Daniel Venables leaves the hype to the experts

Daniel Venables is the Don Deeble sports star nominee for August. Picture Damian Visentini

Daniel Venables is as impressive with his attitude off the field as he is with his football ability on it.

He’s a humble young man even after claiming All-Australian honours at the AFL under-18 national championship and an invitation to the AFL’s draft combine.

Venables has a huge future in the game, touted as a potential first round draft pick later this year. But he’s having nothing to do with the hype.

“I stay away from all that talk, to be honest,” the Taylors Lakes resident says. “You never know what’s going to happen until draft night. I don’t even know if I’ll get picked up, so I’ll wait and see and take it as it comes.”

Venables has let his football do the talking.

He’s a star rotating between midfield and up forward for the Western Jets in the TAC Cup, and his impact was profound in helping Vic Metro become national champions.

The AFL recruiters wanted to see more of Venables, with five or more teams inviting him to test at the draft combine, but an ill-timed foot injury has somewhat dampened that prospect.

Venables is hobbled in a moon boot for six weeks and the remainder of his season is a wipe-out, meaning the physical aspects of testing at the combine won’t be completed.

Any question marks over Venables’ physical capabilities were put to rest while playing for Vic Metro as he burrowed into packs with force and used his strength over the ball as a weapon.

He played his first TAC Cup game at the age of 15, so the recruiters would have enough of a sample to reference before the draft.

Just getting the call-up to the draft combine was a proud moment.

“I guess it was a goal at the start of the year to get invited to it so it’s good that it’s ticked off now and I’m looking forward to it,” Venables says. “I’m not actually going to physically test at the combine, which is disappointing, but I still get to go and do the mental testing and the interviews.
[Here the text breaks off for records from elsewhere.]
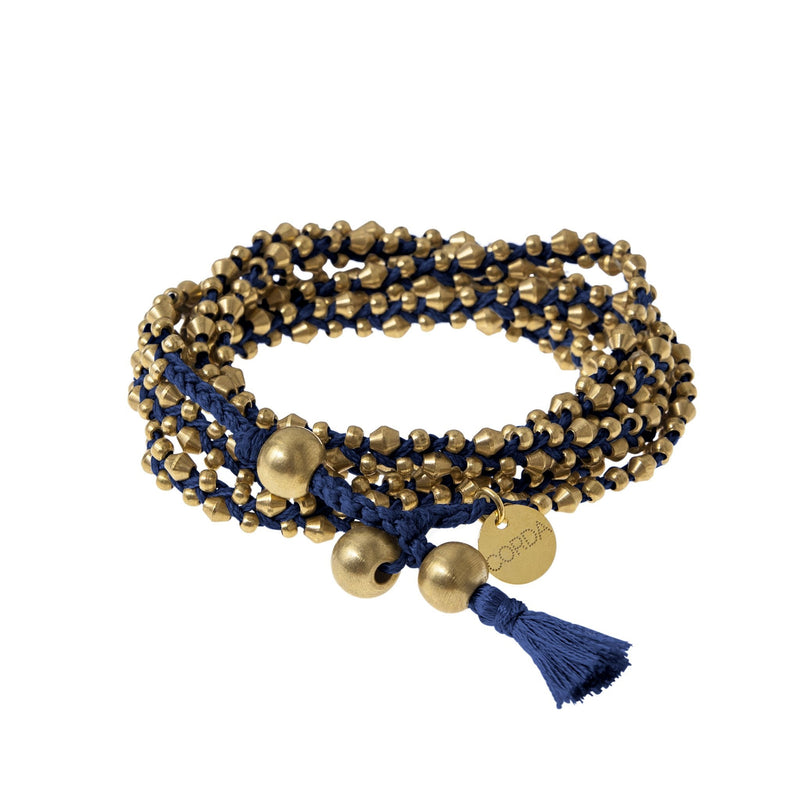 Navy Braided Necklace and Bracelet Wrap in Brass Beads. The Stellina Wrap by Corda.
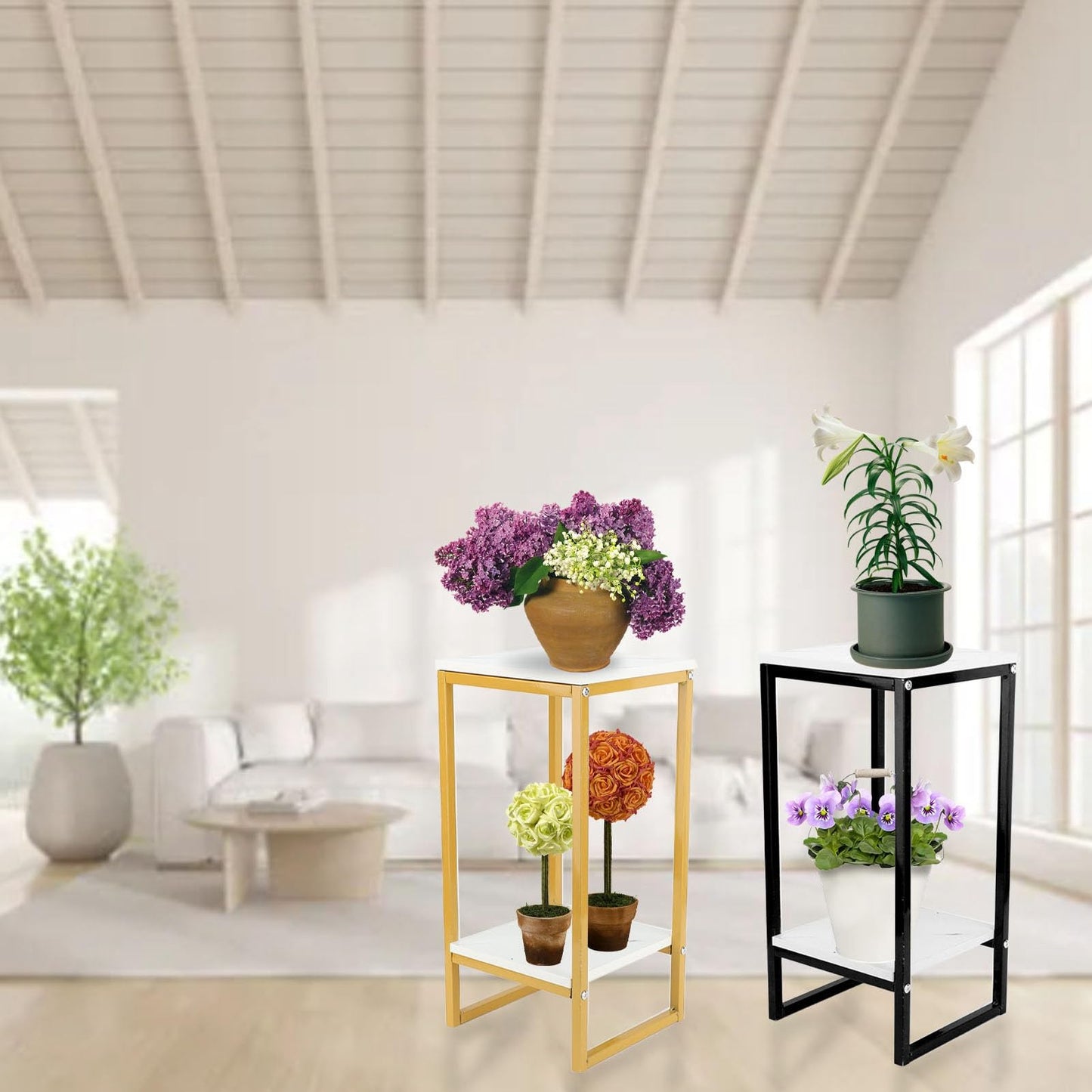 GIFTER Sturdy Iron 2-Tier Multifunctional Flower Stand Easy Assembly Pot Shelf for Balcony Garden Entryway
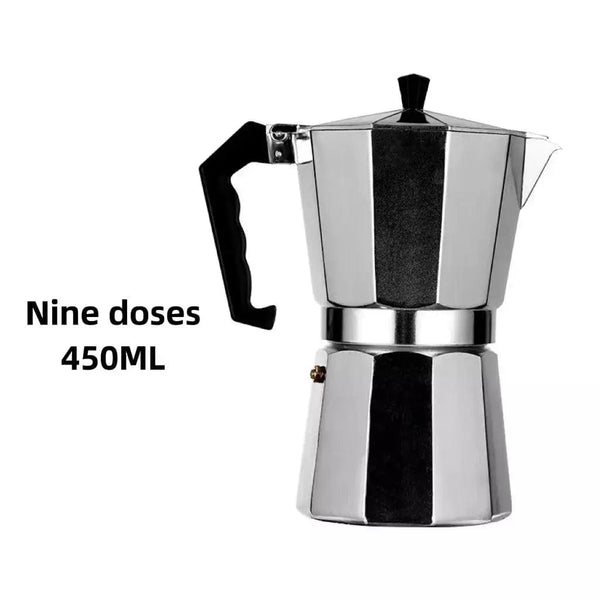 Planet Gates 9cups 450ml Italian Type Coffee Maker Aluminum Mocha Espresso Percolator Pot Coffee Maker Moka Pot Espresso Shot Maker Espresso Machine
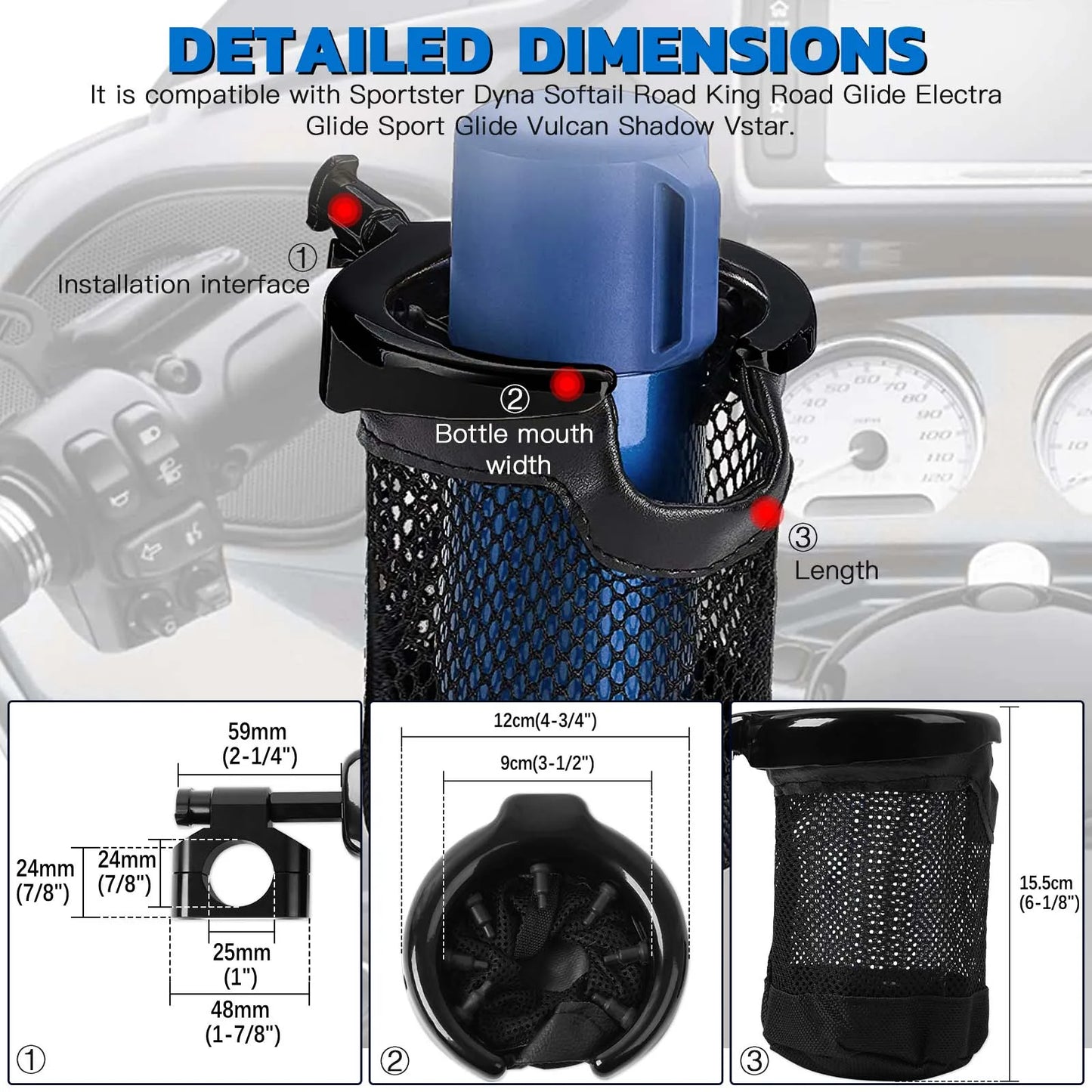 25MM Motorcycle Drinking Holder Cup For Honda Goldwing 1800 GL1800 2001-2015 F6B 2013-2015 New Rear Passenger Drink Cup Holder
Hopefully, I’ve put my best foot forward with my football this season.”

Venables has experience in dealing with AFL clubs. Since the Vic Metro induction this season, a number of them have kept tabs on his progress, including visits to the family home.

With a football club’s network of recruiters and ability to source information about a player without going directly to the player himself, there is no point sugar-coating anything in the conversations. “When they come to your house, you talk to them for about an hour and they want to find out who you are,” Venables says. “As long as you’re honest with them, being yourself and not trying to be anyone else, that’s pretty much it.”

In fact, you can’t do much more in your final year of under-age football than go to the national championships and be rated among the top 18 players at the carnival.

Venables puts his progress down to a hard- work ethic and support network.

His mum and dad are there for him through thick and thin, and he has good sounding boards in Penleigh and Essendon Grammar School links Ken Fletcher and John Nicholis and Western Jets region manager Shane Sexton and coach Torin Baker.

“I know that when you put the hard work in and dedicate yourself, you get the rewards and the footy gods look after you,” Venables said.

“I got a running coach and extra gym sessions.

“I’ve done everything I possibly can [from a playing standpoint].”

Venables was nurtured through his junior years by the Keilor Football Club.

He is immensely proud of his time in the red, white and blue and still regularly watches the club’s senior games in the EDFL on Saturday afternoons when his Jets commitments permit.

“I played at Keilor since under 10s,” he said. “Growing up, it’s always been a strong club and I’m still going to all the senior games now.”

Venables is the latest in a long line of young stars developed by the coaches at Keilor.

He recalls watching in awe the likes of Nick O’Kearney, Jayden Laverde, Corey Ellis, Damian Cavka and Paul Ahern before they landed AFL contracts.

“I remember watching them dominate,” Venables said. “We’re all mates now, so it’s a good culture down there and there’s so many good blokes. You can go down and have a laugh with all your mates when you’re watching the seniors. It’s a good football club and a good family club.”

Venables is the monthly nominee for the Don Deeble Rising Star Award.

The award is run by Sunshine Western Region Sports Club and Star Weekly.

Venables will receive $1000 donated by the Yarraville Club Cricket Club and other prizes to assist in his sporting goals.

The award recognises young athletes in the western suburbs who have achieved outstanding results at a state and/or national level.